MATERIAL SHOWN:

------------------------------------------------------------------------

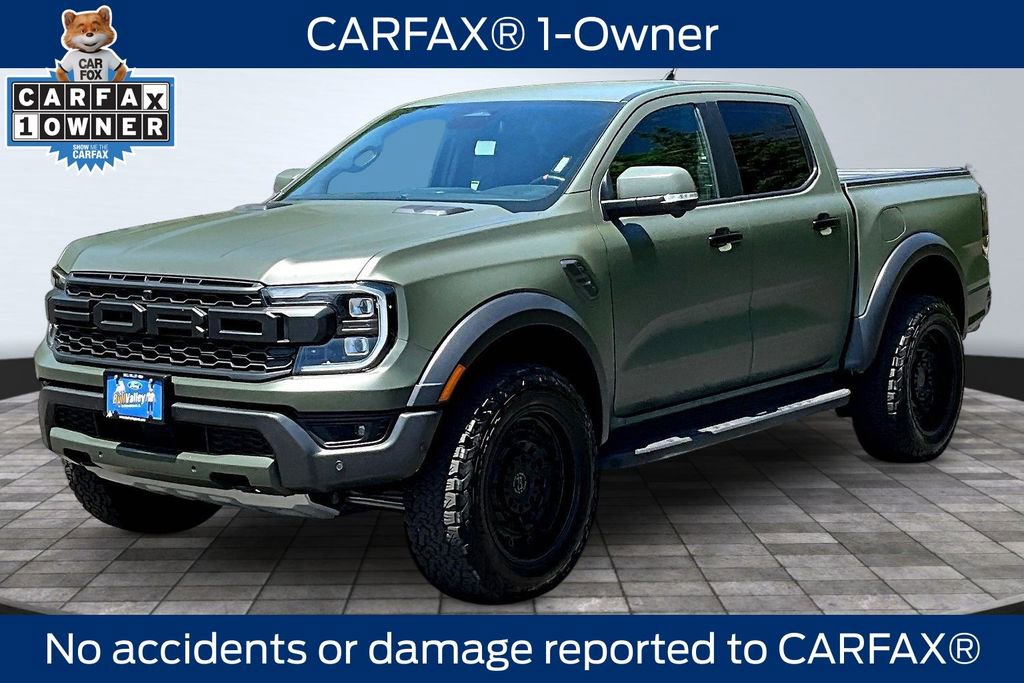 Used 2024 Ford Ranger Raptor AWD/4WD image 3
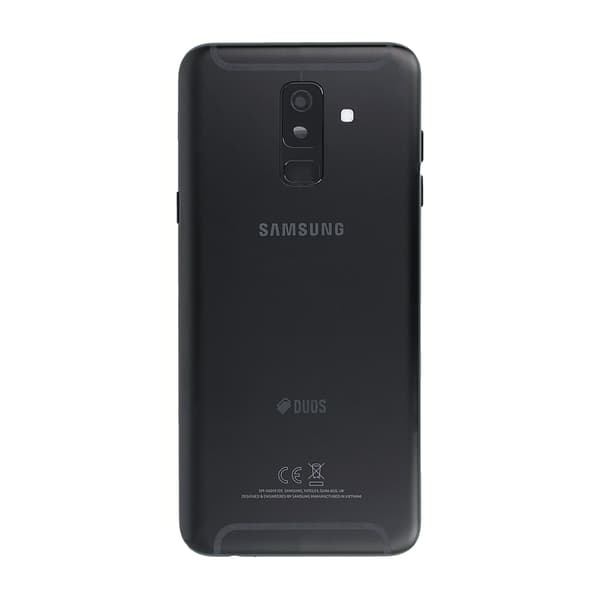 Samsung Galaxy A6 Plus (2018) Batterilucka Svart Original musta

------------------------------------------------------------------------

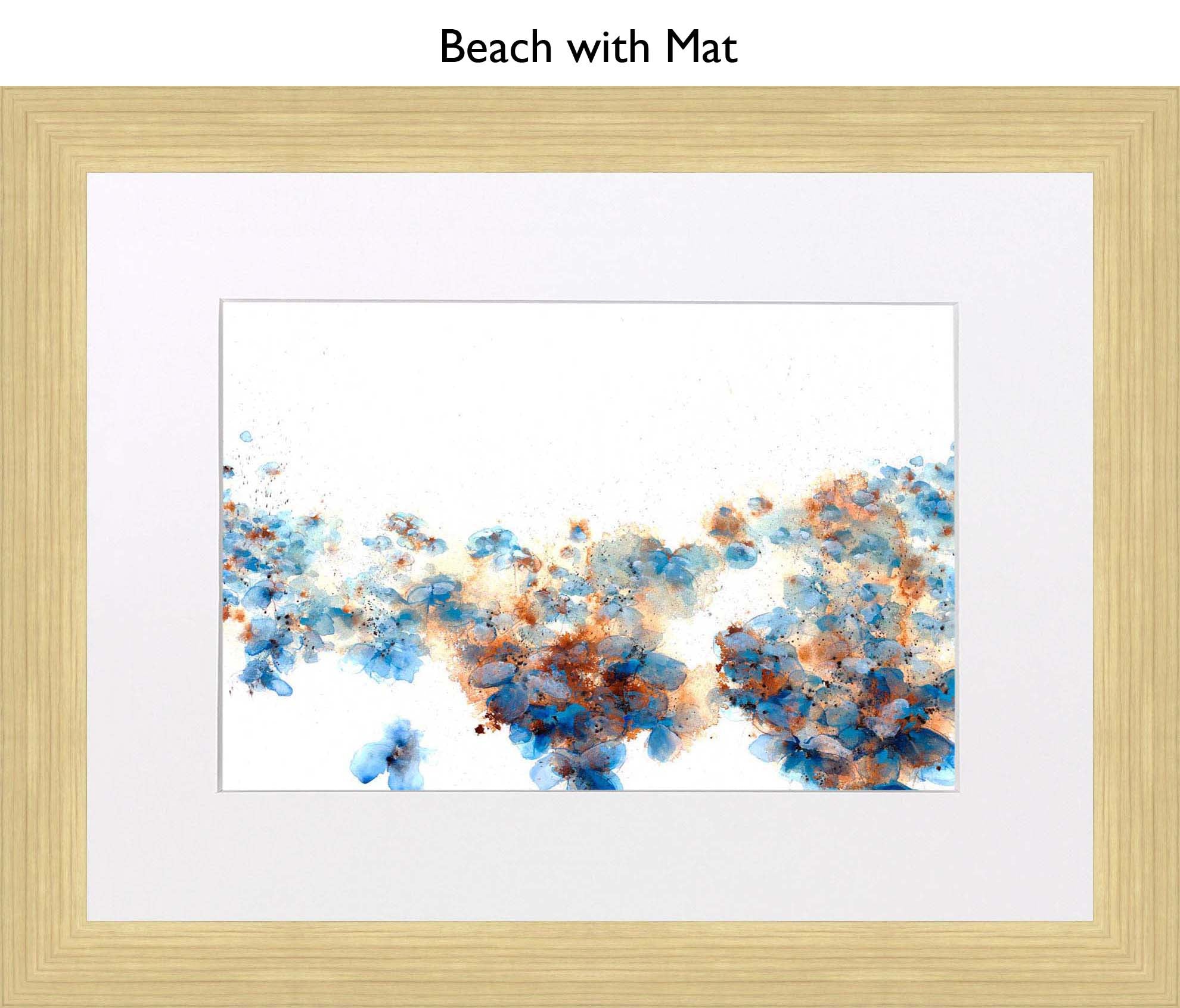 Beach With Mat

------------------------------------------------------------------------

TASK: Which part of the entries opens with the line containing "Used 2024 Ford Ranger Raptor AWD/4WD image 3" and closes with the line containing "Samsung Galaxy A6"? Output that part exactly, ends included, pictures excluded.

ANSWER SECTION:
 Used 2024 Ford Ranger Raptor AWD/4WD image 3
 Samsung Galaxy A6 Plus (2018) Batterilucka Svart Original musta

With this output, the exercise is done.